Page history last edited by PBworks 14 years, 6 months ago

What is a BarCamp (or UnConference)?

 

An unconference is a conference where the content of the meeting is driven and created by the particpants rather than by a single organizer. Barcamp is a series of UnConferences, sharing the same name and format. Barcamp is a bottom up approach rather than a top down approach of organizing a conference. It's a common a place for techie's to hang out and geek out- and share knowledge and experiences.

 

While it seems to be getting a renewed push this past year with BarCamps and Blogger driven conferences, the concept and the term (UnConference) itself was used as early as 1998 in this XML COnference. The present day UnConferences, in its incarnation as BarCamps follow a simple format, where there are no pure spectators, and everyone at the event particpates- either present, give a demo or help with a demo/ppt, actively discuss. And, while the theme s decided and publicized, most speaker slots are taken up adhoc on the day of the event.

 

Very interesting. Even more so if you look at some parallels with the Web2.0 architecture. The Unconferencee movement (now) is fuelled by bloggers, and the unstructured information/knowledge share phenomenon that is fuelled by the blogs, TSS feeds and such over the internet. Not too different from how Web 2.0 is emerging as a new software first mile (user end) architecture that uses web and its sites/services as the infrastructure to provide an end user solution. The whole Web 2.0 is semi-structured. The structure exists only in the end application.
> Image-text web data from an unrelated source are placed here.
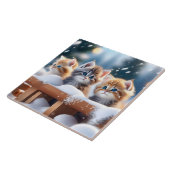雪の遊ポートレートポーズの猫たち タイル (側面)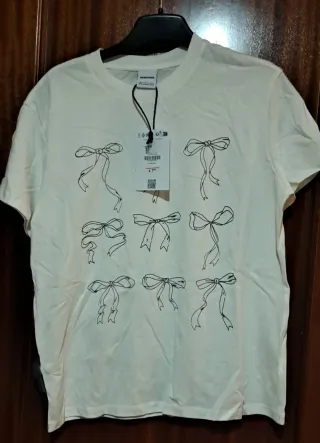 Camiseta Bershka Estampado Lazos Talla Única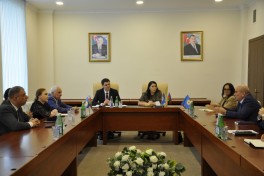 FHN yanında İctimai şuranın üzvləri arasında görüş keçirilib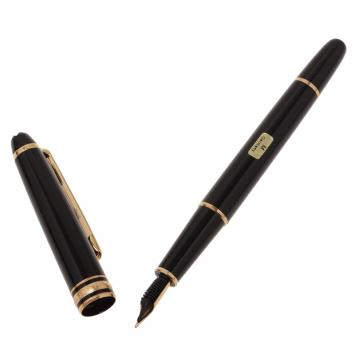 مملوكة مسبقًا Montblanc Black Resin Meisterstuck LeGrand Fountain Pen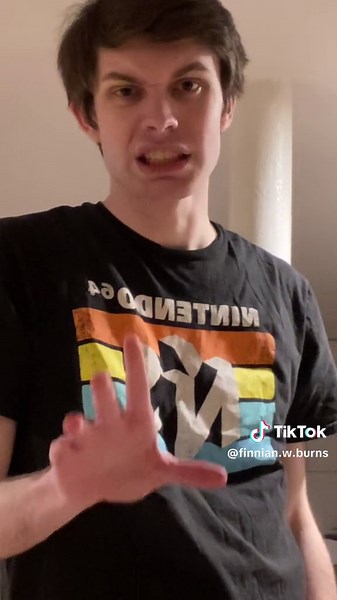 SnapCube Gamer Monologue Performance by Finnian Burns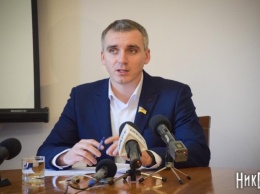 Мэр Николаева Сенкевич обязал всех чиновников завести аккаунты в Facebook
The "providers" of the various components such as blogs, sites, services, SOA et al just "provide", without knowing exactly who or how of the consuming end in the Web 2.0 scheme of things.

 

The unconference draws some parallels to Web 2.0. It is semi-structured. Adhoc. Everyone participates. Anyone could listen or speak. Much like Web 2.0 where anyone could "provide" or "consume". A fairly unstructured with a bunch of good-practices rather than rigid rules.